A new school in Jacksonville is revolutionizing the way students learn and apply information. Meros Academy is a developing middle and high school that will incorporate a hands-on, technology-based curriculum to help engage students in their own learning experience.
Former public school teacher and founder of the Meros Academy, James Smith, saw the current education system in action – or rather, in inaction – for 17 years, before he came up with a resolution.
“The biggest frustration for me as a teacher in the education system was that nothing was working in a cohesive fashion,” said Smith. “So I came up with a new approach that focuses on two main elements I believe the current system is lacking: authenticity and relevancy.”
What started out as Smith’s blueprint for a proposed solution has evolved into a crowd-funded project. Meros Academy was first presented to the Jacksonville community at One Spark 2013. Smith and his staff used the experience from that event to rebrand and redefine their learning strategies, and returned to the 2014 One Spark this past spring. The school’s board of directors then used the momentum from One Spark to launch a 30-day RocketHub campaign that raised over $35,000 for Meros Academy’s two-week summer program this month. The school is scheduled to welcome its first full class of middle-school students in the fall of 2015.
Meros Academy incorporates eight research-proven elements into their education model: curriculum, support, mentorship, application, health, movement, sustainability and culture.
These elements move away from the regurgitation of information that is plaguing school systems today by adapting old philosophies to a new approach.
“Our goal isn’t to put a wrinkle on education. Our goal is to completely change the way that students are taught so that their ultimate potential can be realized,” explained Smith. “Applied learning isn’t a new concept, but we are bringing this method of education into the 21st century.”
Meros Academy hopes to accomplish this by utilizing technology in a big way. Students will be taught to use current technology as a main resource for projects. Teachers will help guide students to find the information they need to find answers as opposed to using technology to drive straight to the answer.
All curriculums for the academy will be driven through an online program, allowing students to easily access their projects. The online program will create a workspace that is accessible to learning coaches, teachers and parents in an effort to prevent students from falling through the cracks.
“Right now, I get a report card from my son’s school. But that letter grade doesn’t tell me where his strengths and weaknesses are,” said Smith. “There needs to be a system that involves everyone in the learning process. My hope is that Meros Academy will open the door for that.”
Renaissance Jax, a Jacksonville-based company, is partnering with Meros Academy to provide innovative technology for students to utilize. This will allow students to see first-hand how technology can provide meaningful solutions to the problems they face. For example, students this summer will learn how to build and program a robot.

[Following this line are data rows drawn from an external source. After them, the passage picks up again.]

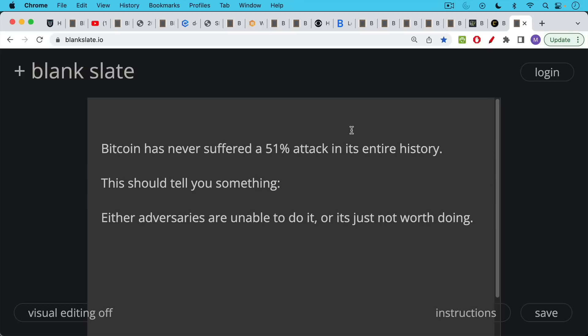Bitcoin has never suffered a 51% attack in its entire history. And I think this should tell you something. Either adversaries are unable to do it, or it's just not worth doing, or they just don't want to do it and create a global ad for why the Bitcoin network is indestructible. That would have very perverse consequences that they don't want to do. And they don't want to help Bitcoin in this way.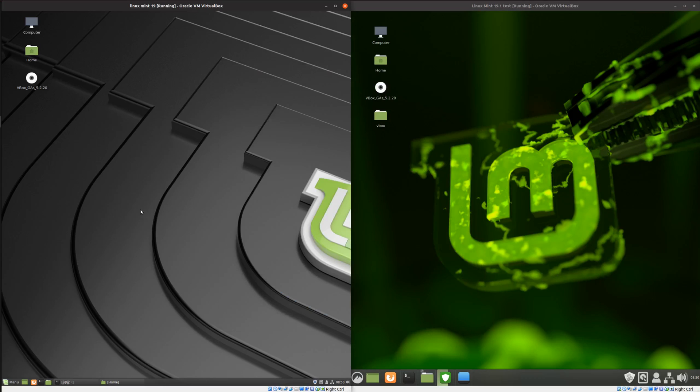G'day YouTube! This is just a brief look at the main differences between Linux Mint 19 and Linux Mint 19.1.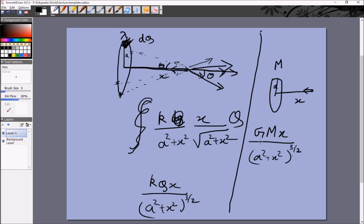This similarity should be expected because there are only two differences between electricity and gravitation — and understanding this means you don't need to learn two separate chapters. First, gravitational forces are always attractive, so the gravitational field points toward the object, while electric forces can be attractive or repulsive: the electric field for a positive charge points away from it, and for a negative charge toward it. Second, instead of charge Q we have mass M, and the proportionality constants differ: K for electricity, G for gravity. All other results are completely the same — for example, when X is zero, both the gravitational and electric field are zero.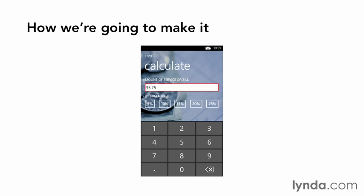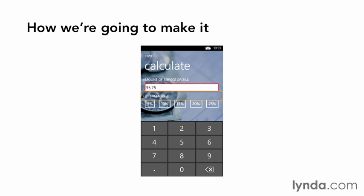The background image is called an image brush that we will add to our app background and point to a bitmap we will import into our project. Next, we have a number of text blocks that will serve as our labels for the various fields and sections of the interface.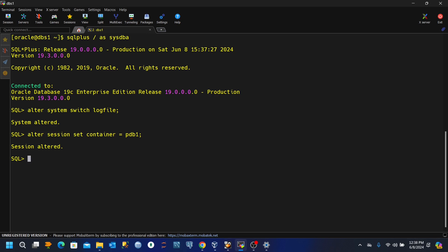Session has been altered. So we'll just create a quick table using the data from dba underscore tables. So I'll just go ahead and execute this. Now the table has been created.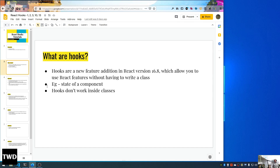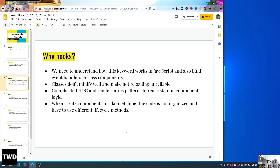React also wants to do away with lifecycle methods. So in hooks, you will see we don't use that many lifecycle methods — the concept is a bit different, and most people like it. As stated, we can manage the state of the component, and hooks don't work inside a class because they are for functional components. The 'this' keyword was a mess in class-based components, and that is one of the main reasons for hooks.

Robotics is just one of the many innovative activities students will immerse themselves in. Other projects include skate ramp design, video production, and a variety of art mediums. The idea is that when students are learning things that interest them, they will feel like they have a more central role in their own learning experience. For instance, being able to determine an angle is much more relevant when building a skate ramp than filling out a math worksheet.
Meros Academy will welcome its first students to the summer program from July 21 to Aug. 1. There will be 20 students and seven coaches, and it will be the academy’s first time applying its Solution-Driven Learning model to students. The goal is for these students to walk away visibly happier, healthier and safer, and equipped with better ways to respond to the world around them.